Much of the money that is actually going to be spent on infrastructure projects won't be spent for years. The CBO said that provisions to increase energy efficiency and renewable energy use would ultimately be spent within seven years. It also estimated that would take five years to spend 85% of the money dedicated to highway and other infrastructure projects. Keep in mind that this is the government's own estimate as to how quickly the plan will be implemented, which is likely very overoptimistic.
The CBO report even specifically states that "congressional authorizations for sharp increases in spending have typically been followed by a noticeable lag in actual spending." No Ship Sherlock. The government is a large, inefficient beast. This plan isn't going to be nearly as simulative for the economy as many would like us to believe.
We need to put people to work by creating permanent jobs that help benefit American for years to come.

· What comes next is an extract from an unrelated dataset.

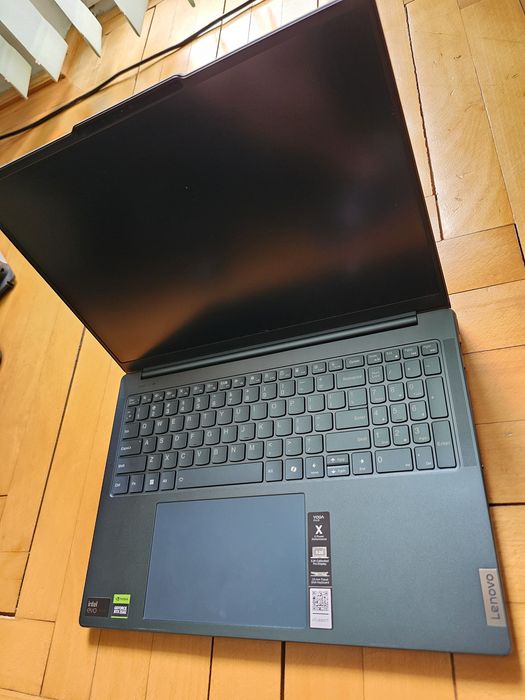 Lenovo Yoga Pro 9, Intel Core Ultra 9, 64GB Ram, MiniLed, RTX 4070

Things like the improvement of the power grid and improving mass transit. We need to make things and shift our energy consumption to domestic sources and we need to do it ASAP. Think how much better off the economy would be if you could purchase a plug-in electric vehicle manufactured by a domestic company and plug it into the wall to recharge it with electricity generated by a domestic resource like natural gas, nuclear power, wind, solar...whatever anything that doesn't ship money and jobs to the Middle East and manufacturing jobs to Japan. This is just a hypothetical example of something that would benefit the economy for the long run and create permanent jobs.
I am far from a protectionist. I want a global economy with free trade. Idiotic protectionist tariffs made the Great Depression worse. I just want America to actually produce stuff that other people want. The problem with this country is we spent all of our time and resources creating money out of thin air using leverage and smoke and mirrors or serving each other lattes. America needs to produce actual stuff in order to get back on our feet. The government can spend money wisely to steer us down that path...or it can continue to piss away the tax revenue of future generations on short term Band-Aids that don't solve our problems.
As Indiana Representative Mike Pence put it the current version of the bill "won't stimulate anything except more government and more debt." The long-term cost of this huge, wasteful package could balloon to $1.2 trillion over the next ten years. It might help the economy a little, but it won't be nearly as effective as many investment advisors and many in the media would like us to believe and the cost to us and future generations will be astronomical.
I like Obama and I think that he is the right man for the job, but I remain extremely unimpressed with the stimulus package that he is pushing right now. The government needs to either spend our money wisely or not spend it at all.